Landed (v0.16 foundation): analysis/audio_formats.py — the isolated, tested decode-façade. ffmpeg_available(), probe_codec() (ffprobe codec_name), is_analysable_lossless() (FLAC/WAV native; ALAC/APE/etc. by probe; an AAC .m4a correctly returns False → stays a reject), needs_ffmpeg_decode(), and decode_to_wav() (ffmpeg -i … -vn temp.wav). ffmpeg is a hard requirement for non-native formats only — FLAC/WAV never touch it. Tests in tests/test_audio_formats.py (skip if ffmpeg absent).

ALAC/APE wiring — the bitrate-from-original subtlety (must get right)

The decode-façade lets the pipeline treat ALAC/APE as a plain WAV for the spectral rules. But there’s a trap in the bitrate path:

For a lossless-compressed source (FLAC/ALAC/APE), real_bitrate = original_compressed_size × 8 / duration, and the real/apparent < 0.92 ratio is what keeps Rules 1 & 3 on (the “compressible → could be a fake” signal).
If we naively feed the decoded WAV to the calculator, it computes real_bitrate from the uncompressed WAV → ratio ≈ 1.0 → the file is mistaken for uncompressed → R1/R3 gate off → we’d miss ALAC-wrapped fakes.

So the calculator must derive real_bitrate from the original .m4a/.ape size, while the rules read audio from the decoded WAV. Today new_calculate_score(filepath, …) derives bitrate from the same filepath the rules load audio from — one path can’t be both (the original isn’t soundfile-readable). The wiring therefore needs the original size/bitrate threaded in separately (e.g. an explicit source_size/pre-computed bitrate-metrics argument), not just a temp-path swap. This is the careful core-path change that distinguishes ALAC from the trivial WAV case.

Metadata likewise: .m4a → mutagen.mp4 (or ffprobe), .ape → ffprobe, since mutagen.flac.FLAC / soundfile.info can’t read them.

Out of scope (and why)

Detecting AAC/Opus/Vorbis → lossless transcodes is a detection limit, not a format-input one.
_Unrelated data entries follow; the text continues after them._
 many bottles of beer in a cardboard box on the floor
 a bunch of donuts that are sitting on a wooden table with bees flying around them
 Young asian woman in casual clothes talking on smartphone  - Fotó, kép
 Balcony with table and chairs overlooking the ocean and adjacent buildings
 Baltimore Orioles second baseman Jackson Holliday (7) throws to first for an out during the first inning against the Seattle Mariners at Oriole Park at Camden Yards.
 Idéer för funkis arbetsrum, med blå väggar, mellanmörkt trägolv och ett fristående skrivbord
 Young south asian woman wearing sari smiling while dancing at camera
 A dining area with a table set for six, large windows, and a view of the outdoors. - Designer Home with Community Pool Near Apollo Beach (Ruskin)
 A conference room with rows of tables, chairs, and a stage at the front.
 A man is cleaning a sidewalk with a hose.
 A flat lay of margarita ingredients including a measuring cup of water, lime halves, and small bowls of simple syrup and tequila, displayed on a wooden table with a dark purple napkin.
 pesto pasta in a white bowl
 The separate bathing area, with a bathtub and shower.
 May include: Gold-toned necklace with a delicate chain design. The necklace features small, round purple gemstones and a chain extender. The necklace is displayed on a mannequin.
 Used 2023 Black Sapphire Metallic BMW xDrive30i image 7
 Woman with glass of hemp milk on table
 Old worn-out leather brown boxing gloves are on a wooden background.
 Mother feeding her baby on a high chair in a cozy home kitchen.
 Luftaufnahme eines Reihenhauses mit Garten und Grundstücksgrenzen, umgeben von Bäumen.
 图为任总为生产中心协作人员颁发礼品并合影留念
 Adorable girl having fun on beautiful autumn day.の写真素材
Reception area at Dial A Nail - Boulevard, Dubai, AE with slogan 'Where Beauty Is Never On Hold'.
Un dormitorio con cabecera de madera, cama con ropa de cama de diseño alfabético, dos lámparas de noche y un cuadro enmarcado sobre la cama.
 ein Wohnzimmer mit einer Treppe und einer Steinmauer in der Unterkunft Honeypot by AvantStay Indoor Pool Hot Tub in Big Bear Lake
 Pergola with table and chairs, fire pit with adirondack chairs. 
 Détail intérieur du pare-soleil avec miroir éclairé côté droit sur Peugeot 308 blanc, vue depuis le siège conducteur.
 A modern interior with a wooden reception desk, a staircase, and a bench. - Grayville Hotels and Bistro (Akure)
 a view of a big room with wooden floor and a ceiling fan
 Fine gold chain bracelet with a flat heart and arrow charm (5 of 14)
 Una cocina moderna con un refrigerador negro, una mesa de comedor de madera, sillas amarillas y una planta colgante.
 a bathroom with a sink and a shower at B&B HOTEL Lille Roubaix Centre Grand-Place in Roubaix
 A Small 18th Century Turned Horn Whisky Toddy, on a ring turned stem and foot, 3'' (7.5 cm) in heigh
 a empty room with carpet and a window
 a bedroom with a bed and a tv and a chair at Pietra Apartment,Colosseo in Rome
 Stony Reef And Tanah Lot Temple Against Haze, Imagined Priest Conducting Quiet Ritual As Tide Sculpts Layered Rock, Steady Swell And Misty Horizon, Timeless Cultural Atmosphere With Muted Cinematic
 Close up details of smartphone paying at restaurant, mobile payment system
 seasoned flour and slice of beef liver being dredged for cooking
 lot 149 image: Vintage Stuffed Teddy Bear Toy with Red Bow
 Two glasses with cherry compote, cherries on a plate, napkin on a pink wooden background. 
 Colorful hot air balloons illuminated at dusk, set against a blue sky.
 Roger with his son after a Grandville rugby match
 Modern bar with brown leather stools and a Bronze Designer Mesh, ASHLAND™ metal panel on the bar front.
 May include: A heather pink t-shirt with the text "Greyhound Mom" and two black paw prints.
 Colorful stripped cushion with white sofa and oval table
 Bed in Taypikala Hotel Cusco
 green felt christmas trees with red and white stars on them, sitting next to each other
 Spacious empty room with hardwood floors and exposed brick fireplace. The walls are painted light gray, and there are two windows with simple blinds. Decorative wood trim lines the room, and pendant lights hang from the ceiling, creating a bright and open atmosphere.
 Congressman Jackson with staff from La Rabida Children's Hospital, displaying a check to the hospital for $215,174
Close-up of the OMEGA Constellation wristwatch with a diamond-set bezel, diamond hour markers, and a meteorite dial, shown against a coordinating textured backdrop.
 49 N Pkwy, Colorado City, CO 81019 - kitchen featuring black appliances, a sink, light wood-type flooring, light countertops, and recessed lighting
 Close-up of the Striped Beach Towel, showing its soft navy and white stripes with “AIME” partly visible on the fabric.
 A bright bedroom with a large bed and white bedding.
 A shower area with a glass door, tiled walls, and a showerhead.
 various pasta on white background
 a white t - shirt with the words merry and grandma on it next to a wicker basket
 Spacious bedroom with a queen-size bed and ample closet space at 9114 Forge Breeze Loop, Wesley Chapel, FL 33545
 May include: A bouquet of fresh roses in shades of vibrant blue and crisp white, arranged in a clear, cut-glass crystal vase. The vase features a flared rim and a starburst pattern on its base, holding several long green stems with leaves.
As of v1.2.0 this is less of a wall than once thought: the CNN (Rule 12) separates these codecs from genuine FLAC on full-range audio (ROC-AUC 0.94–0.99), surfaced via the --deep flag as WARNING. The genuine fundamental limit is band-limited material of any codec (baroque, 1920s, solo acoustic), where a transcode removes almost nothing — see ml/README.md. Supporting a container ≠ being able to judge it, but for these codecs the gap is now mostly closed on full-range audio.